### Task prompt
Your task is to retype, exactly and only, the lines from the one containing "SAMC - CHL Bags - 221" to the final line of the entries, leaving out all pictures.

### Material supplied
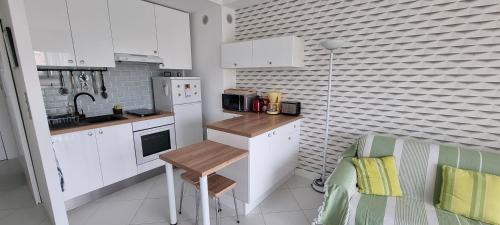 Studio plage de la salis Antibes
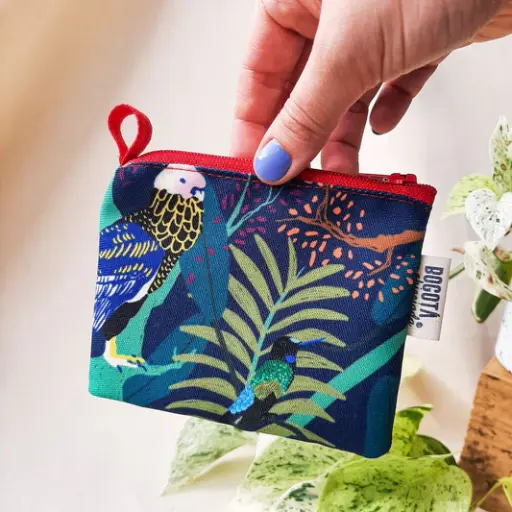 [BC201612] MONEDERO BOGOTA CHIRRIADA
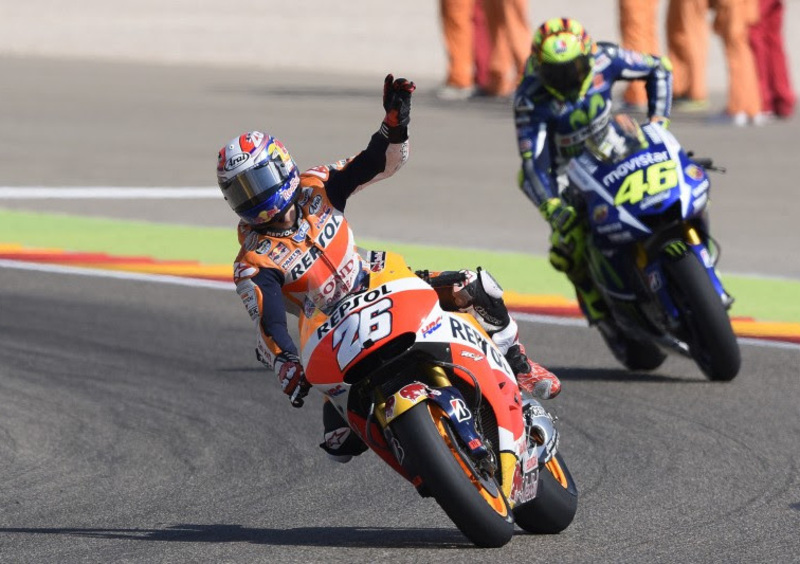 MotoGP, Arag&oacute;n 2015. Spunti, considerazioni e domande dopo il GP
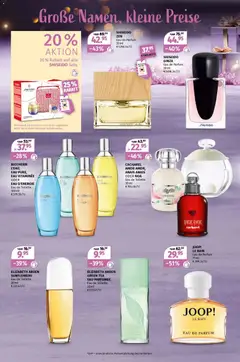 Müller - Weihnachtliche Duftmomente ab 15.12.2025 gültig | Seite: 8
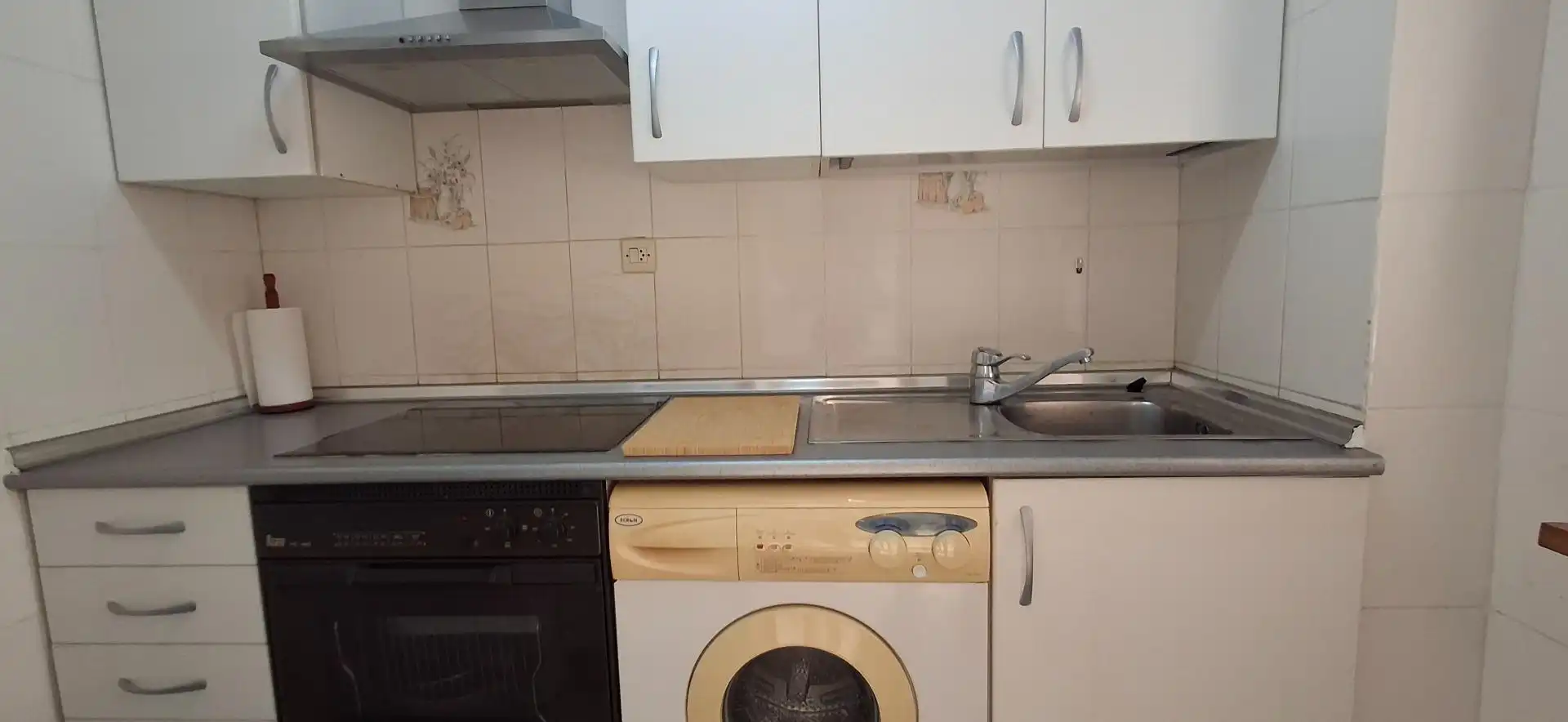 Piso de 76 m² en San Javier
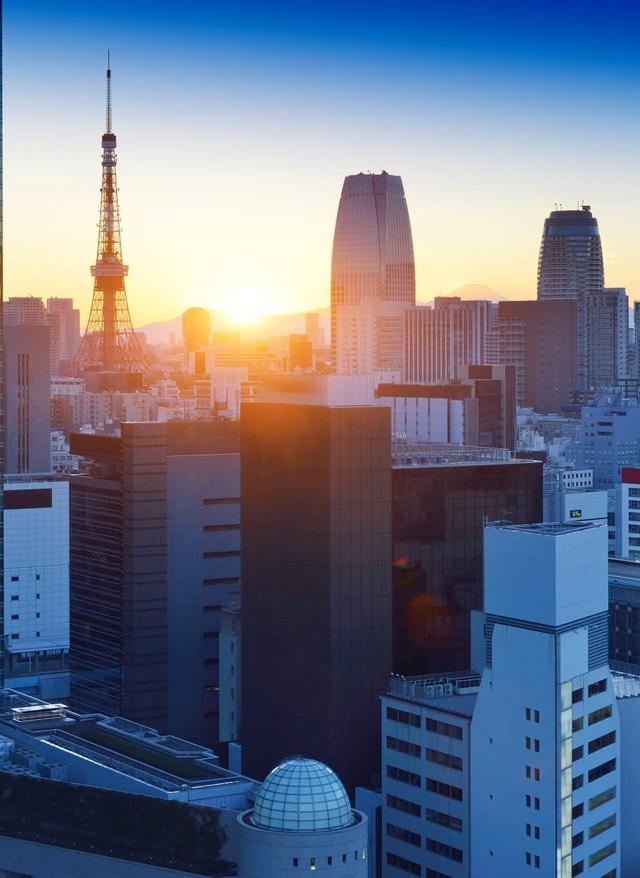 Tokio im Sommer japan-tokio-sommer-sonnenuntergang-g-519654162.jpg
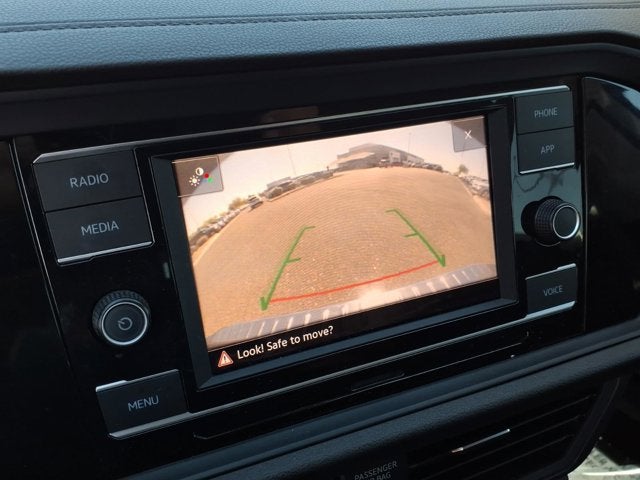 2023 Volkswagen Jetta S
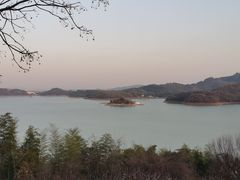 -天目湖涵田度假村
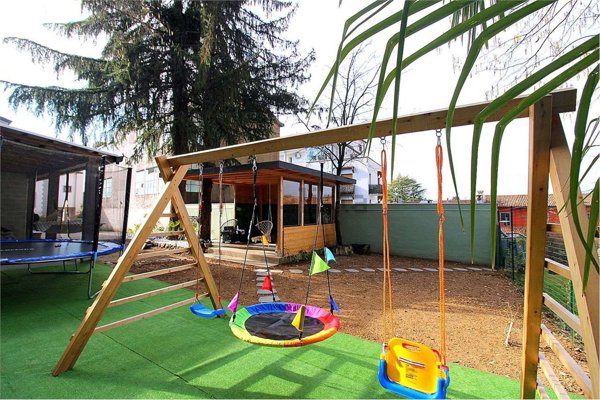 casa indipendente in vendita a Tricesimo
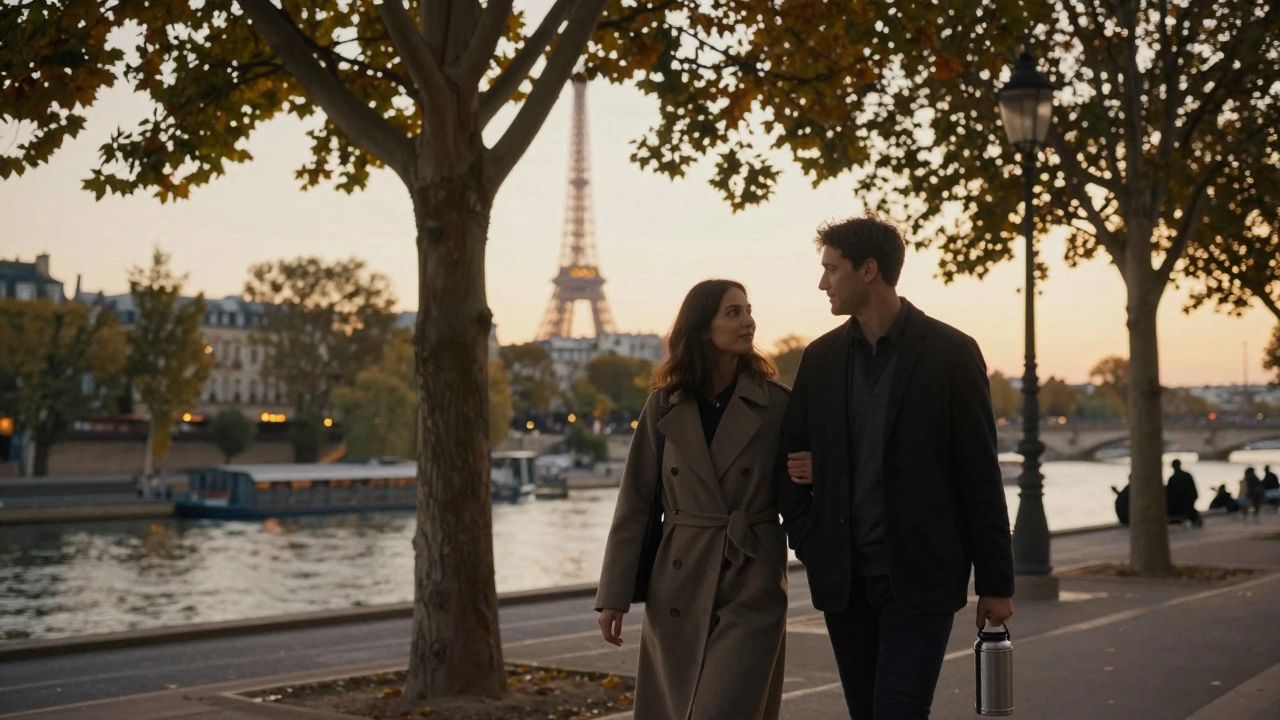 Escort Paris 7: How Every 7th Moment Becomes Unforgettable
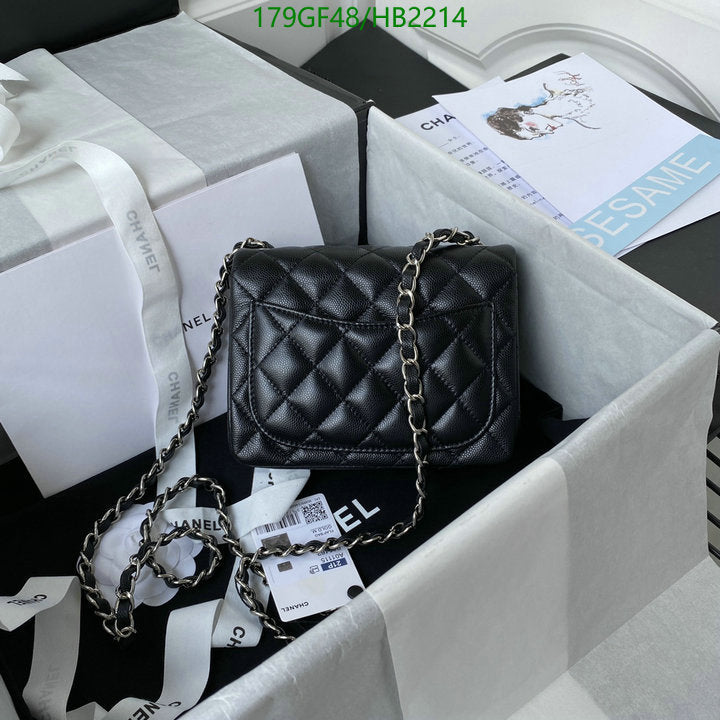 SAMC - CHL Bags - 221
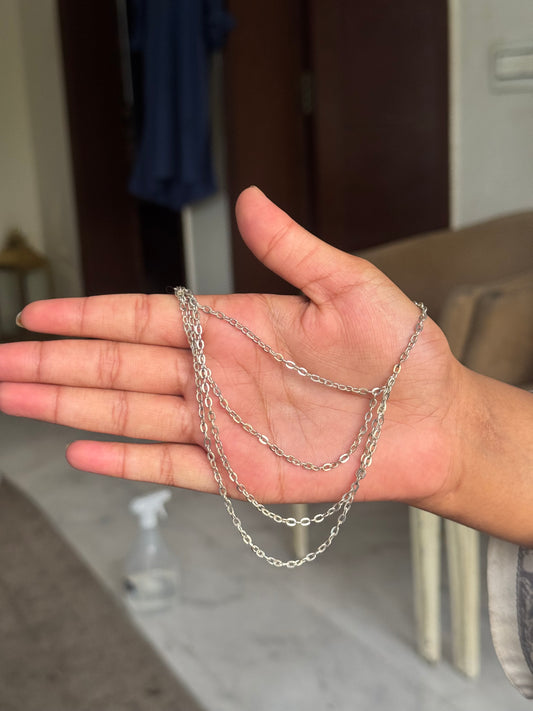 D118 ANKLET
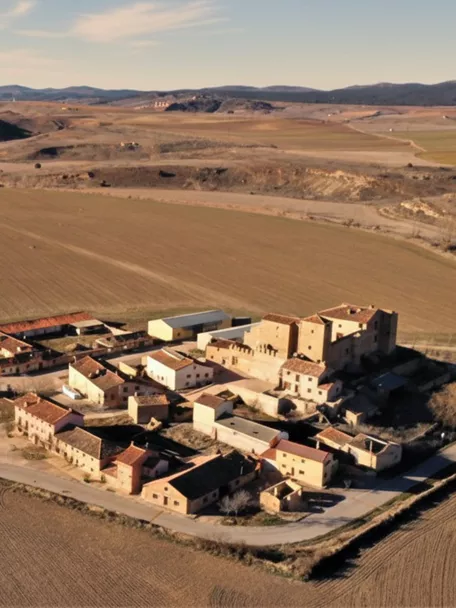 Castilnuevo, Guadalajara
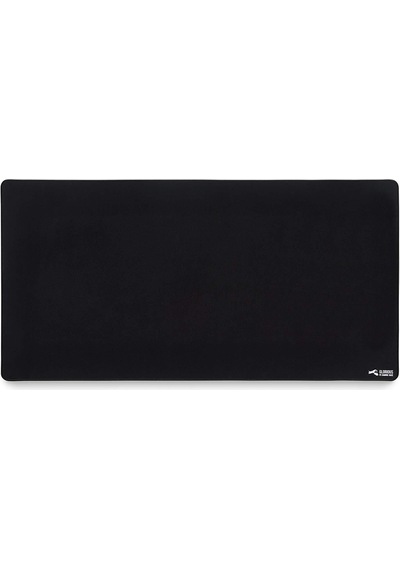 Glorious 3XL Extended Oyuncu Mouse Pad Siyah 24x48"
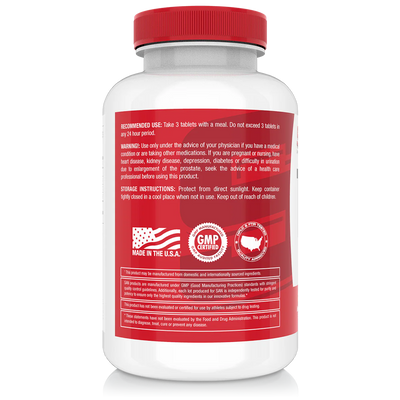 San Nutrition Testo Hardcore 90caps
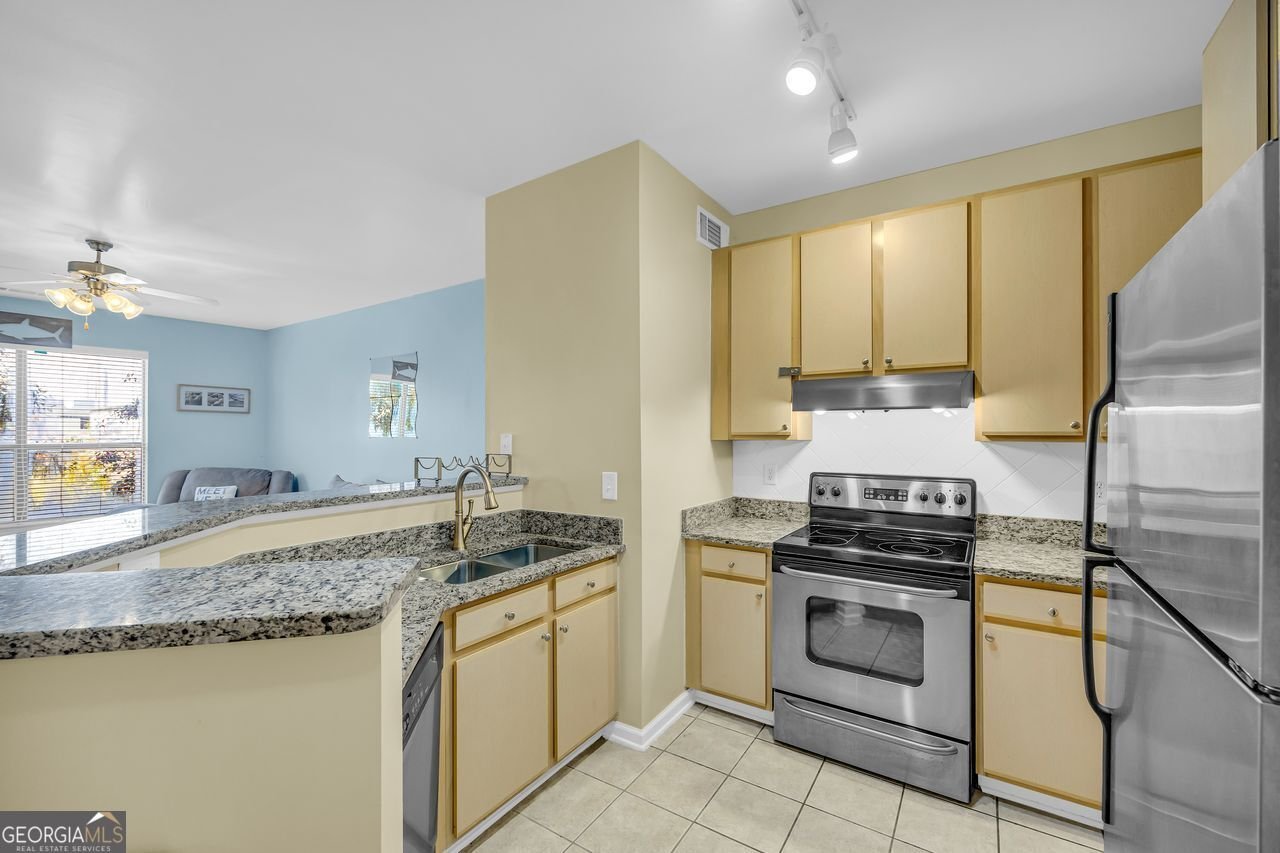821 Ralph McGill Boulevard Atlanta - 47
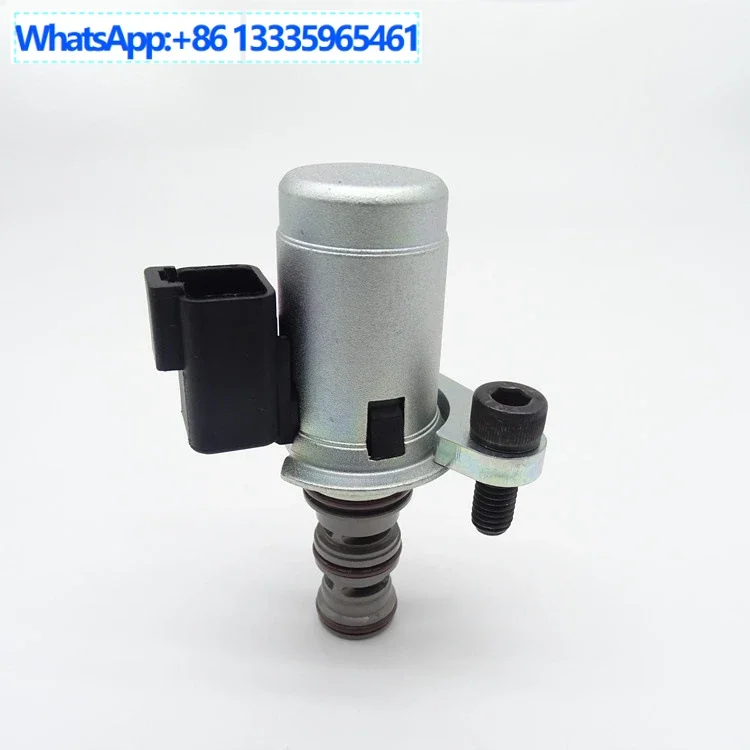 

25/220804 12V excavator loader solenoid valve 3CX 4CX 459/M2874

### Solved exercise
 SAMC - CHL Bags - 221
 D118 ANKLET
 Castilnuevo, Guadalajara
 Glorious 3XL Extended Oyuncu Mouse Pad Siyah 24x48"
 San Nutrition Testo Hardcore 90caps
821 Ralph McGill Boulevard Atlanta - 47

25/220804 12V excavator loader solenoid valve 3CX 4CX 459/M2874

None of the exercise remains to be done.